It’s been almost 11 months since original release of Portaball. Since I do not plan to put into it any additional development effort, it’s about time I summed things up. This isn’t typical post mortem as you can enjoy on Gamasutra. It’s much shorter and probably not as good read, but hopefully still worth at least skimming.
What went right
Idea. Even tough Portaball is heavily inspired by Portal and I’ve essentially ripped off the main gameplay mechanics, I still think that Portaball is unique puzzle game in iOS environment. Having done my first pair of portals in one of the very first builds of the game and watching how the little ball gets teleported made yell “This is so awesome!”. There is still huge potential in this idea and, to be honest, I still consider doing Portaball 2 someday.
Learning. I jumped into developing Portaball after merely one month of learning Objective-C/Cocoa. iPhone and MacBook made me excited for programming all over again and this rush of joy transformed into Portaball. I learned how to stick to a project from the beginning to the end, I became confident in my programming and I’ve also discovered Stack Overflow. Is Portaball’s source code worth sharing? No. It’s a terrible mess. Was it a good learning experience? Definitely. I actually consider taking up a real life project as one of the best way to become familiar with specific language, or programming in general.
What went okay
Getting Noticed. Portaball was lucky enough to get featured in New&Noteworthy sections in Germany and Austria as well as Game Center Game feature in couple of European countries. Actually, the majority of sales occurred in these periods. Portaball got a couple of nice reviews on the internet, the most praising one at AppSafari. The gaping hole was TouchArcade review, but I’m okay with that. Portaball just wasn’t good enough.
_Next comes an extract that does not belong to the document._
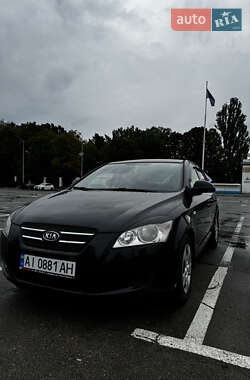 Хэтчбек Kia Ceed 2007 в Киеве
Four days of free. A couple of months ago I’ve decided to conduct a small experiment – I lowered Portaball’s price to Free. Initially, I’ve contacted Free App a Day since I saw way too many top free apps that skyrocketed due to FAAD. It turned out that it costs a few thousand dollars to apply and I simply didn’t want to pay more than I’ve earned. I went guerrilla and did nothing but making a post on TouchArcade forums. I don’t know how much it helped but Portaball’s download numbers jumped:
These aren’t big, but for a brief moment Portaball was in top 50 Free Apps in China. As soon as the free period ended sales increased marginally (by 7-10 copies a week) comparing to the pre-promotion days.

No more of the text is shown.